John was silent for a moment. Then he turned and crossed the kitchen to the big, chrome refrigerator. In the warm amber glow of appliance light, he looked less ghostly pale and insubstantial; more like the rock-solid Scott and Virgil. Not that there was much time for such comparisons.

Finding what he wanted a moment later, John returned with two dark brown bottles, one of which he tossed at Gordon, saying,

"It's five o'clock, somewhere. And further along your world-line, you're 21."

Gordon squinted at the silvery label, turning it to catch the wan moonlight. American-style lager, of the sort Europeans used to wean their children. John opened his own bottle, then Gordon's, with his fist and the table's edge. Then, gazing at his new-found brother with a direct, amethyst stare, he said,

"It's been awhile. So... fill me in. What's happened?"

Gordon hesitated. He'd thought it wiser to say as little as possible about what he'd left behind. He was supposed to fit back into _their _lives, after all, not the reverse.

"Why 're you askin'?"

John shrugged.

"Either I'm interested, or I'm pretending to be. Does it matter? Either way, I'm listening."

Maybe the _'who gives a shit?' _tone should have made him angry, but Gordon had the odd feeling that John was there because he very much wanted to be; that he'd rushed back, from someplace quite far, just to meet with Gordon privately, and on his own terms.

So, bit by bit, one hesitant word at a time, he sketched the past for his silent brother. The silver window-square of moonlight slid clear across the floor and halfway up the wall, was replaced by pearly-wet, twittering dawn, before he'd talked himself out. He ended on the stubborn and fretful note that,

"Sometimes, late last night, f'r instance, there are noises. Like a bloody damn train wreck, and everyone just ignores them, acts like I've gone three stops past Barking if I even mention I've heard somethin'!"

John shook his head briefly, a muscle in his left cheek twitching slightly.

"You're not crazy. There _are _occasional loud, um... _events_."

Somewhat mollified, but still mulish, Gordon persisted,

"What th' hell are they doin', then? Launchin' rockets?"

"It's not my place to say," John replied calmly. "But, I can tell you this; when he," (a swift head jerk, in the direction of Jeff's office) "...gets around to explaining, I think you'll be very proud to be a part of what's going on."

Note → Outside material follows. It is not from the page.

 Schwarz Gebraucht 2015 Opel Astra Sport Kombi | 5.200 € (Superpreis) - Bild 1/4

Gordon's expression must have echoed some angry and turbulent ocean of dissatisfaction, because John added,

"I'll make you a promise: give it three days. If he doesn't completely explain things in that time frame, I will. Deal?"

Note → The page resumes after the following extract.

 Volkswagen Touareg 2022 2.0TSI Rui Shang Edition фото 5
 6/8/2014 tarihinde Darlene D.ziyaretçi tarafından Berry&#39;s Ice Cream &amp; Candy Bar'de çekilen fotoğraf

Gordon nodded, and they shook on it. John released his hand, then turned very still for an instant. Very inward. When he spoke again, it was to say, in a barely audible voice,

"I know things have been chaotic, but give them... _us_... a chance, please. You may not remember us, Gordon, but we never forgot you. They're trying to make thirteen years just disappear, and they don't realize yet, that they can't. I'll talk to them."

Gordon gave his new brother a slightly lop-sided smile, and allowed himself to wonder, for the first time, what it might have been like, to grow up with the "American Cousins". Maybe, after all, he could find a place here.

"Right," he said. "Thanks, John."


	2. Chapter 2: Father and Son

2

_A rough first encounter._

He hadn't had to leave Europeimmediately after the funeral. Already well accustomed to dorm life, Gordon was able to stay in Madrid until the end of the summer swim season.

One Tuesday evening, after an exhausting series of kick sets, but before the warm-down, he got summoned over the intercom, to the coaches' office. The men's swim team weren't the only lot who practiced at this complex, nor was Kevin McMahon the only coach. There were divers, water polo players, the girls' team, and the synchronized swimmers to be scheduled around. Big as the European Union's Natatorium was, the various teams and their coaches were still packed in, cheek by jowl.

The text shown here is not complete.